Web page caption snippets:
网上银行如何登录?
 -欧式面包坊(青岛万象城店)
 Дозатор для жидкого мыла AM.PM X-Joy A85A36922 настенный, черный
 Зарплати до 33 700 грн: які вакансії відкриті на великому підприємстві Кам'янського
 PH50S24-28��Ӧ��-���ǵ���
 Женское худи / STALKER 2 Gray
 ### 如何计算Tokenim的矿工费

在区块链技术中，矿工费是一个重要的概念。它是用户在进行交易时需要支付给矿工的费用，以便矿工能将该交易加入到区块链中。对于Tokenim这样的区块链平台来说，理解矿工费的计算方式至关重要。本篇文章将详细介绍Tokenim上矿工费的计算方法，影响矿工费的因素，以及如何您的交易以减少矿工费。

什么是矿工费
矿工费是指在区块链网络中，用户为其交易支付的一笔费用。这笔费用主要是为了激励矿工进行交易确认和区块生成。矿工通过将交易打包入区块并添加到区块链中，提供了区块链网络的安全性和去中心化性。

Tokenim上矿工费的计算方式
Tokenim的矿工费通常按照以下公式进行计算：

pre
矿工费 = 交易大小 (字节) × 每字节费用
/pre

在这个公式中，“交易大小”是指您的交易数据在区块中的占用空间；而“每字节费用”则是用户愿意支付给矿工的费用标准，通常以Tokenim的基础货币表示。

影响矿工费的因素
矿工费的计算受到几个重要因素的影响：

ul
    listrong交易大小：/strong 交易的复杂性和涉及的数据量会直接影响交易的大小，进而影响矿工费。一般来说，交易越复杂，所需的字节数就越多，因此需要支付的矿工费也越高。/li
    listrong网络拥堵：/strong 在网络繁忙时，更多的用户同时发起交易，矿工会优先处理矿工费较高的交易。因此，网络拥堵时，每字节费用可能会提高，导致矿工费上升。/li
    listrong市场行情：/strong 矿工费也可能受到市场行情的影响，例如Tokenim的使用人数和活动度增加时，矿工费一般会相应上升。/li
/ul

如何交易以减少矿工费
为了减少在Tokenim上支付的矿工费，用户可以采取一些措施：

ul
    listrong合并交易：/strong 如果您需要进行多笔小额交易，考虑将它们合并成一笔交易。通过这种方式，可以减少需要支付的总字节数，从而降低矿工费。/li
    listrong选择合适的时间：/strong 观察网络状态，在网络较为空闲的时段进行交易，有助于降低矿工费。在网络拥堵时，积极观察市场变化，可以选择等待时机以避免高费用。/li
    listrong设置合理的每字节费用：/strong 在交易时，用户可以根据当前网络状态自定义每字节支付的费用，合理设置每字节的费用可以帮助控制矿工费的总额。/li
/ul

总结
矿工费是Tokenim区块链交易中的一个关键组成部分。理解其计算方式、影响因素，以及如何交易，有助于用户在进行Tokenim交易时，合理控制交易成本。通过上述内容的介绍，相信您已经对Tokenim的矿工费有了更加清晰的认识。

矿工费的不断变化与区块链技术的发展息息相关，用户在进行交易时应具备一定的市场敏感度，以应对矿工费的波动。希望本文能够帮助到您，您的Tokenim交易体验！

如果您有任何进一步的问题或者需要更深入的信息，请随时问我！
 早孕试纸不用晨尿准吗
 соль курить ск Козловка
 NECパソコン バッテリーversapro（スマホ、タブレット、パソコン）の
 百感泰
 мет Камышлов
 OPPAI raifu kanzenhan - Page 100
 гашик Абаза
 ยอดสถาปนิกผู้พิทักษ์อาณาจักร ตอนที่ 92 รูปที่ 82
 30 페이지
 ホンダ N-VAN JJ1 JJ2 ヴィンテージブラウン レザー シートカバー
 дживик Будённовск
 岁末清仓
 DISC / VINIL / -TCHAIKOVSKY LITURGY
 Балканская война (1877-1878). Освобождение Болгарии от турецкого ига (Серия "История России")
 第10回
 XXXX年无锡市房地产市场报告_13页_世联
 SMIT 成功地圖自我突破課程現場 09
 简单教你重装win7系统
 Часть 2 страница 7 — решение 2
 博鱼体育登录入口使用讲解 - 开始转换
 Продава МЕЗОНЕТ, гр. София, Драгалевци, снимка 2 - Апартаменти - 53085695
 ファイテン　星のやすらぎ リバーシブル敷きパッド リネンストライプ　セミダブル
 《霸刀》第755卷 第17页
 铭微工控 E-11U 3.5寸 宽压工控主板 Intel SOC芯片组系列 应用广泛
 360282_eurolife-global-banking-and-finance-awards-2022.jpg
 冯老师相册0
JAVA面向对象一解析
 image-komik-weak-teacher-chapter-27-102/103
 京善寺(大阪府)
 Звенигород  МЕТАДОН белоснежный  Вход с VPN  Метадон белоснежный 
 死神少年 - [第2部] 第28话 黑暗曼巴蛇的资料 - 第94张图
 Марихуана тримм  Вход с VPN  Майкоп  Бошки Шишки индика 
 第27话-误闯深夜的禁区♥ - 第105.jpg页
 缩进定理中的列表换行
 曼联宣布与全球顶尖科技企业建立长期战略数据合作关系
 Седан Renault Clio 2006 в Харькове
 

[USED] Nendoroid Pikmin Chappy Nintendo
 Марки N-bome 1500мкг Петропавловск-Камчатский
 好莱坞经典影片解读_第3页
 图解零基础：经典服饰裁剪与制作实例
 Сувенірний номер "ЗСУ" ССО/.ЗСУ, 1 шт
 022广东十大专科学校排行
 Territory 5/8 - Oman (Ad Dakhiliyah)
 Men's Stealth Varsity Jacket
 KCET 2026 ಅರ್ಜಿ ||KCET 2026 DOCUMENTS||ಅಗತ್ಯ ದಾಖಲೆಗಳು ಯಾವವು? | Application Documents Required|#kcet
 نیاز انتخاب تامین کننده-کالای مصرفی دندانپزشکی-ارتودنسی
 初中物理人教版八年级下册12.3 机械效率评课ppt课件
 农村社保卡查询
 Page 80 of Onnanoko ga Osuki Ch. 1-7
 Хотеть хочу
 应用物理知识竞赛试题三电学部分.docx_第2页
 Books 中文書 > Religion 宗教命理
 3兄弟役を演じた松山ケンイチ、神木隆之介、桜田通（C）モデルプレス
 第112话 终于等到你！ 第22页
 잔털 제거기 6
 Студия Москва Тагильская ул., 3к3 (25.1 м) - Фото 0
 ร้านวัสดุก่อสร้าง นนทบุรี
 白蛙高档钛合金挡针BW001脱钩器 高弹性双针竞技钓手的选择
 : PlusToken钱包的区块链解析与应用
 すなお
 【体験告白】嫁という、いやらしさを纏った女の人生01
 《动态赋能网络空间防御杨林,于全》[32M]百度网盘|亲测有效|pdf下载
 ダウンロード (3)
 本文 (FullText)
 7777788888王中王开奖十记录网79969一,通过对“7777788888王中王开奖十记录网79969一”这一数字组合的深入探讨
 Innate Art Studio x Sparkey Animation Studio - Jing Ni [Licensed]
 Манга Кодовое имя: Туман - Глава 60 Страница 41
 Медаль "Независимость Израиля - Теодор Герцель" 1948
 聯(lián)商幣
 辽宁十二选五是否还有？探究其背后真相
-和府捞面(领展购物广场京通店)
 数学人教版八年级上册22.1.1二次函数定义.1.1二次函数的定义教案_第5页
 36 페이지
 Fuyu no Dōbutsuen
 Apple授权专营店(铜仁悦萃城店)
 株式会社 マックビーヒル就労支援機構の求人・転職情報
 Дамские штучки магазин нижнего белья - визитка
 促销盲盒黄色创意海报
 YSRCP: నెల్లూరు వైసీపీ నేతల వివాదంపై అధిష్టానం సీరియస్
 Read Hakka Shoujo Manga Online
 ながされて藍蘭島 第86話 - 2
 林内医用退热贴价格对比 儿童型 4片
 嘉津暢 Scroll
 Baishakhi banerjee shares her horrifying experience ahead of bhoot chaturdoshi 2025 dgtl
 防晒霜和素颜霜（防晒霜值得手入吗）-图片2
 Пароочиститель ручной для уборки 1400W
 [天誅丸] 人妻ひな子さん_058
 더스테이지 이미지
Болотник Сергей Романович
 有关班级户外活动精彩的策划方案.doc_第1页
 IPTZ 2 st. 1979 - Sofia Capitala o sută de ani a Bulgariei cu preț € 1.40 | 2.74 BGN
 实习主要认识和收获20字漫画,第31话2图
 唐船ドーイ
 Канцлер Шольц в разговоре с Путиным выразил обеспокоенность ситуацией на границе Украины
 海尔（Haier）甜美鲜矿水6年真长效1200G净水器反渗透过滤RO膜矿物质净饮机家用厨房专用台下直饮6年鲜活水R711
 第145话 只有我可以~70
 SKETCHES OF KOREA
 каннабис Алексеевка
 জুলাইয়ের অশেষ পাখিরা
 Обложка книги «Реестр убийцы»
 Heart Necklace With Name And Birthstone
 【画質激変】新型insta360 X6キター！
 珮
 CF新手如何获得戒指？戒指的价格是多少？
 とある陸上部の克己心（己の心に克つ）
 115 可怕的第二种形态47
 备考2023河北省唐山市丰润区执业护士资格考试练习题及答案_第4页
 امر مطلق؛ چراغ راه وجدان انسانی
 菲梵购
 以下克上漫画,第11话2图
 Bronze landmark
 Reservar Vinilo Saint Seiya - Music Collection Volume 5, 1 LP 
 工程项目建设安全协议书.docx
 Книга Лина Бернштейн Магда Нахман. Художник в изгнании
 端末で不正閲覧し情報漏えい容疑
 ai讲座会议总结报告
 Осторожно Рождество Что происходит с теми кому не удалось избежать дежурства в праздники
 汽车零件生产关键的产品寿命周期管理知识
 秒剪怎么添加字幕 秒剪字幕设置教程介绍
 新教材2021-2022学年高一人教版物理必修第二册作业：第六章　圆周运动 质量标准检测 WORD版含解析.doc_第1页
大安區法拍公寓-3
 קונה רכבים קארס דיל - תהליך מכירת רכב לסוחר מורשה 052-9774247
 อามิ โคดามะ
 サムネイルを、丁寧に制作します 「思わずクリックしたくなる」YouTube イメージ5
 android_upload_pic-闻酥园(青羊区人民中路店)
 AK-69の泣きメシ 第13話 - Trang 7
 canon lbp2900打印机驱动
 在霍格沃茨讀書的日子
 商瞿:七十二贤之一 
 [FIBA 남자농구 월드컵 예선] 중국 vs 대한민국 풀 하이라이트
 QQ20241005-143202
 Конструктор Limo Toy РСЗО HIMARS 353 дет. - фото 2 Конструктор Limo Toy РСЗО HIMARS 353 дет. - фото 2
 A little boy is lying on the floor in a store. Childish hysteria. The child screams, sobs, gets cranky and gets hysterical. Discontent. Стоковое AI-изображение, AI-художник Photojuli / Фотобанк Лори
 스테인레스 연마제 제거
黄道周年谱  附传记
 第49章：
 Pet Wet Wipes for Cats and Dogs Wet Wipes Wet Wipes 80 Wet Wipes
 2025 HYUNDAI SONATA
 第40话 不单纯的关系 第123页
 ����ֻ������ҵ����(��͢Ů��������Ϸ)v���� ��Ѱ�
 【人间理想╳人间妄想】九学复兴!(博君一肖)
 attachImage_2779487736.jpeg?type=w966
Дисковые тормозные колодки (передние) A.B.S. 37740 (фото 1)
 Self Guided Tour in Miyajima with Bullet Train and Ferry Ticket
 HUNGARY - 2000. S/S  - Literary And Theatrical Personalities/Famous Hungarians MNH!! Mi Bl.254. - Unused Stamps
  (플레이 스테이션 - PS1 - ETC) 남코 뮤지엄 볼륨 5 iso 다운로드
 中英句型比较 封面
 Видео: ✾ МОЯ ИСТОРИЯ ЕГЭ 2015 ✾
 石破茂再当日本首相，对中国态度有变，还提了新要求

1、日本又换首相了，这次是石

[Activity]
Only the lines above from the line with "### 如何计算Tokenim的矿工费" to the line with "DISC / VINIL / -TCHAIKOVSKY LITURGY", those two lines included, should be reproduced exactly.

[Task solution]
 ### 如何计算Tokenim的矿工费

在区块链技术中，矿工费是一个重要的概念。它是用户在进行交易时需要支付给矿工的费用，以便矿工能将该交易加入到区块链中。对于Tokenim这样的区块链平台来说，理解矿工费的计算方式至关重要。本篇文章将详细介绍Tokenim上矿工费的计算方法，影响矿工费的因素，以及如何您的交易以减少矿工费。

什么是矿工费
矿工费是指在区块链网络中，用户为其交易支付的一笔费用。这笔费用主要是为了激励矿工进行交易确认和区块生成。矿工通过将交易打包入区块并添加到区块链中，提供了区块链网络的安全性和去中心化性。

Tokenim上矿工费的计算方式
Tokenim的矿工费通常按照以下公式进行计算：

pre
矿工费 = 交易大小 (字节) × 每字节费用
/pre

在这个公式中，“交易大小”是指您的交易数据在区块中的占用空间；而“每字节费用”则是用户愿意支付给矿工的费用标准，通常以Tokenim的基础货币表示。

影响矿工费的因素
矿工费的计算受到几个重要因素的影响：

ul
    listrong交易大小：/strong 交易的复杂性和涉及的数据量会直接影响交易的大小，进而影响矿工费。一般来说，交易越复杂，所需的字节数就越多，因此需要支付的矿工费也越高。/li
    listrong网络拥堵：/strong 在网络繁忙时，更多的用户同时发起交易，矿工会优先处理矿工费较高的交易。因此，网络拥堵时，每字节费用可能会提高，导致矿工费上升。/li
    listrong市场行情：/strong 矿工费也可能受到市场行情的影响，例如Tokenim的使用人数和活动度增加时，矿工费一般会相应上升。/li
/ul

如何交易以减少矿工费
为了减少在Tokenim上支付的矿工费，用户可以采取一些措施：

ul
    listrong合并交易：/strong 如果您需要进行多笔小额交易，考虑将它们合并成一笔交易。通过这种方式，可以减少需要支付的总字节数，从而降低矿工费。/li
    listrong选择合适的时间：/strong 观察网络状态，在网络较为空闲的时段进行交易，有助于降低矿工费。在网络拥堵时，积极观察市场变化，可以选择等待时机以避免高费用。/li
    listrong设置合理的每字节费用：/strong 在交易时，用户可以根据当前网络状态自定义每字节支付的费用，合理设置每字节的费用可以帮助控制矿工费的总额。/li
/ul

总结
矿工费是Tokenim区块链交易中的一个关键组成部分。理解其计算方式、影响因素，以及如何交易，有助于用户在进行Tokenim交易时，合理控制交易成本。通过上述内容的介绍，相信您已经对Tokenim的矿工费有了更加清晰的认识。

矿工费的不断变化与区块链技术的发展息息相关，用户在进行交易时应具备一定的市场敏感度，以应对矿工费的波动。希望本文能够帮助到您，您的Tokenim交易体验！

如果您有任何进一步的问题或者需要更深入的信息，请随时问我！
 早孕试纸不用晨尿准吗
 соль курить ск Козловка
 NECパソコン バッテリーversapro（スマホ、タブレット、パソコン）の
 百感泰
 мет Камышлов
 OPPAI raifu kanzenhan - Page 100
 гашик Абаза
 ยอดสถาปนิกผู้พิทักษ์อาณาจักร ตอนที่ 92 รูปที่ 82
 30 페이지
 ホンダ N-VAN JJ1 JJ2 ヴィンテージブラウン レザー シートカバー
 дживик Будённовск
 岁末清仓
 DISC / VINIL / -TCHAIKOVSKY LITURGY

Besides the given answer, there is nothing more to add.